Given a a metric space $(X,d)$ and $m\in\mathbb{N}$, equip $X\times X^m$ with the product Borel $\sigma$-algebra and $\{1,...,m\}$ with the $\sigma$-algebra $2^{\{1,...,m\}}$.
Is the map $$X\times X^m\to\{1,...,m\}, (x,x_1,...,x_m)\mapsto\min\left(\operatorname{argmin}_{k\in\{1,...,m\}}d(x,x_k)\right)$$ measurable?

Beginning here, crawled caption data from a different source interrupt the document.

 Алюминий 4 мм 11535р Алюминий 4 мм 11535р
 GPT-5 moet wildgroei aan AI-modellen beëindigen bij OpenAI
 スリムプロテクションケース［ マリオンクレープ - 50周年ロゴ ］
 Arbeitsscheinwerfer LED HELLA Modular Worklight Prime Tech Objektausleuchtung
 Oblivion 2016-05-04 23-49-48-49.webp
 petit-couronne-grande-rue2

Yes. Denoting the map by $f$, we have
\begin{align*} \{f(x,x_1,\cdots,x_m) = k\} &= \left( \bigcap_{i < k} \{ d(x,x_i) > d(x, x_k) \} \right) \cap \left( \bigcap_{i > k} \{ d(x,x_i) \geq d(x, x_k) \} \right). \end{align*}
Since each function $(x,x_1,\cdots,x_m) \mapsto d(x, x_i) - d(x, x_k)$ is continuous, $\{ d(x,x_i) > d(x, x_k) \}$ is open and $\{ d(x,x_i) \geq d(x, x_k) \}$ is closed. So the right-hand side is not only Borel-measurable, it is in fact $F_{\sigma}$-set.

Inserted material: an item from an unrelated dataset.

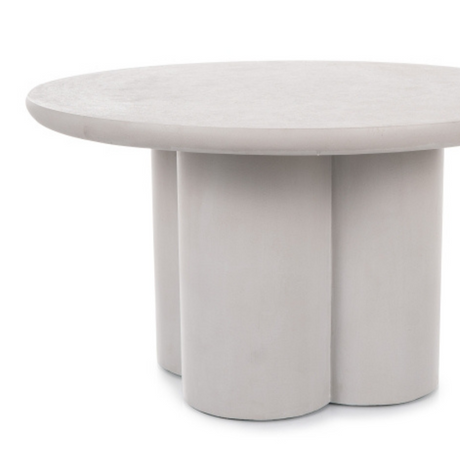 Booq acrylic bookend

Hint: Express the preimage of each $k$ as a countable intersection of the sets of the form $A_{n,i}=\{(x,x_1,\ldots,x_m)\mid d(x,x_i)\leq n^{-1}\}$, $B_{n,i}=\{(x,x_1,\ldots,x_m)\mid d(x,x_i)\geq n^{-1}\}$ and $C_{n,i}=\{(x,x_1,\ldots,x_m)\mid d(x,x_i)> n^{-1}\}$.